Saying that Planning and Natural Resources monitors the Bovoni landfill on compliance issues, Griffin read a laundry list of problems found at the site. Among them: lack of mechanisms for monitoring methane gas, preventing expansion of the landfill into the adjacent mangroves, monitoring groundwater, and preventing sewage, sludge, liquids and hazardous waste from being discharged at the landfill.
Other problems included no clearly marked areas for different types of waste, no attendant on site to direct people bringing in garbage, and no source of water to fight fires.
Creque said Public Works is planning to hire three people to direct deliveries to the proper areas of the landfill and four enforcement officers to ticket drivers of uncovered or overloaded trucks, as well as people who litter.
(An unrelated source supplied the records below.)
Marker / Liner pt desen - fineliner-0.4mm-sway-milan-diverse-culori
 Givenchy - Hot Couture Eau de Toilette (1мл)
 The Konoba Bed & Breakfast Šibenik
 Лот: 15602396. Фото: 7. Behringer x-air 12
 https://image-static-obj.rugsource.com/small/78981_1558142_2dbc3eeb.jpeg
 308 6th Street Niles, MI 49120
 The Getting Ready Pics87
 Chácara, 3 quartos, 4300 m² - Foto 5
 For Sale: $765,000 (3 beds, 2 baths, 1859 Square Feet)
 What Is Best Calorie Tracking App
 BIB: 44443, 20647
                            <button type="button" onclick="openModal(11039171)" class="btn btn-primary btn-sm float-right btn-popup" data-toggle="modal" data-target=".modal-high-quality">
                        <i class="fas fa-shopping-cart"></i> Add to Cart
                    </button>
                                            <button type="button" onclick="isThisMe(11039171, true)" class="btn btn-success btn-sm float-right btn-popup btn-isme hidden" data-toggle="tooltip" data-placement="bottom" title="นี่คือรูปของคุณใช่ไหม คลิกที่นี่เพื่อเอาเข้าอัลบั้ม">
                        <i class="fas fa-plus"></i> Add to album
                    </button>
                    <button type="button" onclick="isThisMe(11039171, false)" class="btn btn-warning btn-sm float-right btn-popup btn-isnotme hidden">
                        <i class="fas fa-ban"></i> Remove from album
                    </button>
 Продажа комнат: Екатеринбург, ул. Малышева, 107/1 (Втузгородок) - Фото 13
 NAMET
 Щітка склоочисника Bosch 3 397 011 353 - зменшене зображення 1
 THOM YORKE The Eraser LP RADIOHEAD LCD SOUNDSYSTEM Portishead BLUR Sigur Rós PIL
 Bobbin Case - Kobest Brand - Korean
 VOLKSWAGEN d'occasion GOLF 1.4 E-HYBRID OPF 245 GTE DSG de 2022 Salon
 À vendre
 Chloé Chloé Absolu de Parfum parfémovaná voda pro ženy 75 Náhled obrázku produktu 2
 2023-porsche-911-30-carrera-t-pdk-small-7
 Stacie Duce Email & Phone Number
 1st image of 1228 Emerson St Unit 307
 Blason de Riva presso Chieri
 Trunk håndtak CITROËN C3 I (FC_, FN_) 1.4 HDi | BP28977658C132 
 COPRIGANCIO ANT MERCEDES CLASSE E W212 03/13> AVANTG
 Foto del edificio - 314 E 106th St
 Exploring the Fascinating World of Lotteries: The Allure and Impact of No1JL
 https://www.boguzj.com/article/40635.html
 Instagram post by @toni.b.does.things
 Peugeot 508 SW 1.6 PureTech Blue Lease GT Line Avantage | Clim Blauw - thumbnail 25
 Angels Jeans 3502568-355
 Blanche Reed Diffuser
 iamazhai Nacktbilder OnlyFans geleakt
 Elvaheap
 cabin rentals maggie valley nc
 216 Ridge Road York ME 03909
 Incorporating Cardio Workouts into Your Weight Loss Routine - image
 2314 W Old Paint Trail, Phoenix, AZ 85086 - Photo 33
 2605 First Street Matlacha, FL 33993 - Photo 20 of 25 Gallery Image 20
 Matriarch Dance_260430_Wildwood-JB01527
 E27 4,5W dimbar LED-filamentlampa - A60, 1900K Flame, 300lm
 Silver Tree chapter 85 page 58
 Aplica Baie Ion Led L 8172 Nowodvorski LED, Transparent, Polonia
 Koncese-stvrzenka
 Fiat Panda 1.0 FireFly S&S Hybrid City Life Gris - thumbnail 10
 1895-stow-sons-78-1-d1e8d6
He said this will be done once Public Works received money appropriated by the Legislature for those purposes.
Griffin also said a project to clean up contaminated soil near oil igloos has not been completed; wind-blown dust, paper and other debris remain uncontrolled; there do not appear to be regular cleanups of this debris, animals roam the site; and the operator has incomplete or nonexistent records.
Committee members present in addition to Bryan and Cole were Sens. Roosevelt David and Carlton Dowe. Sen. Norma Pickard-Samuel also attended. Committee members not present were Sens. Adlah "Foncie" Donastorg, Alicia "Chuckie" Hansen and Celestino A. White Sr.